How her mind sometimes
veered—a sideshow
needle-topped syringe of insulin

poised as sharp as light above her arm—
thoughts waver in
and out of focus.

Punch it true—
thinking to myself, now—
words bat at the moth

like a worn dish towel;
old repetitions
are a comfort.

The moth darts and turns
flits at the electric
fixture, zip zip

goes the light
a winging shroud
descends, not a butterfly

but a gewgaw, monstrous, pinned
under glass—wheeling windows
stained cerulean, green.

A bird rises white—
a moth,
perhaps.

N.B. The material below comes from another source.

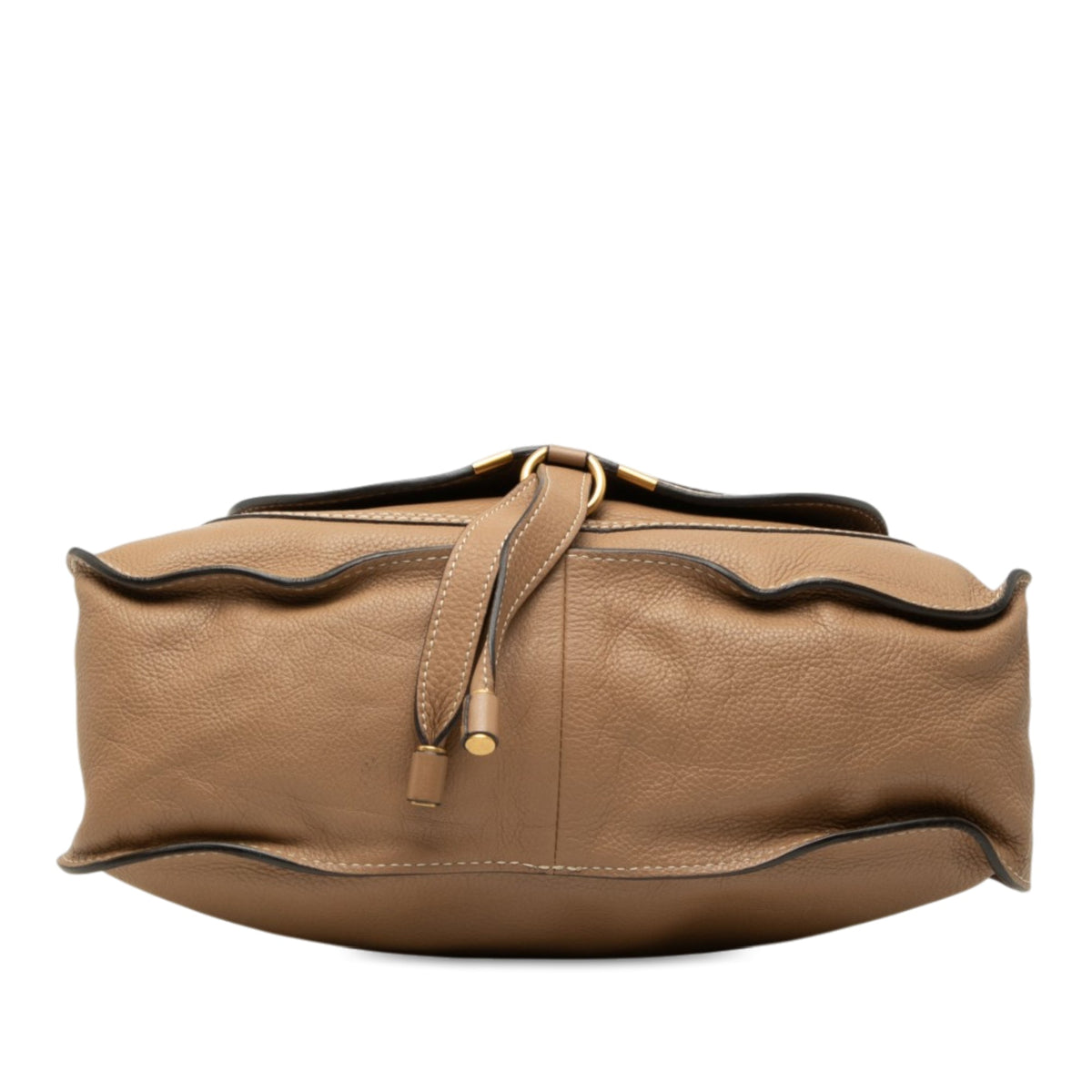 Chloé Medium Leather Marcie Satchel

Above a man

kneeling in flames.  And then
some words, the priest murmured
sanctus, sanctus

and I remember how I rose
then fell within the tide
of his voice, I have forgotten

how I answered,
was it salvé, sanity,
our lady of the sea?

A word thrown in the face
of extinction
that's what this moth is

a charm against the brightness
of forgetting, I can taste the meat
of moth propulsion, how the left brain

powers you awake—the right—
a lake lapping against your dreams
all that's hidden, fragile

strength.  She flew from silence
to words, to babble in the frantic air
I watched her recede and then

advance from some dark interior
her face a lake disturbed.
I thought, I can no longer stay

then followed her—she never saw
the water glinting, never
two faces refracting—

I took her hand carefully, casually—
it was a day as usual—too cold
my mother said you are a spy and for once

I knew she was right.
I held her hand.
Said, here, now, you're home.

There's a moth
it burns and I
can't sleep she said

my body's trying
to kill me why
won't the birds stop

scattering seeds
they have spilled them
all on the ground

None of this matters
I'm thinking now
not bird, moth, lily

not even a human heart.
Everything has an end.
The world rises

it falls away
the wake-robins
are breaking ground.

What calls them back
into the air—into daylight—
wings punching glass—


* * * 

Poem originally appeared in Center: A Journal of the Literary Arts. Reprinted with the permission of the author. All Rights Reserved.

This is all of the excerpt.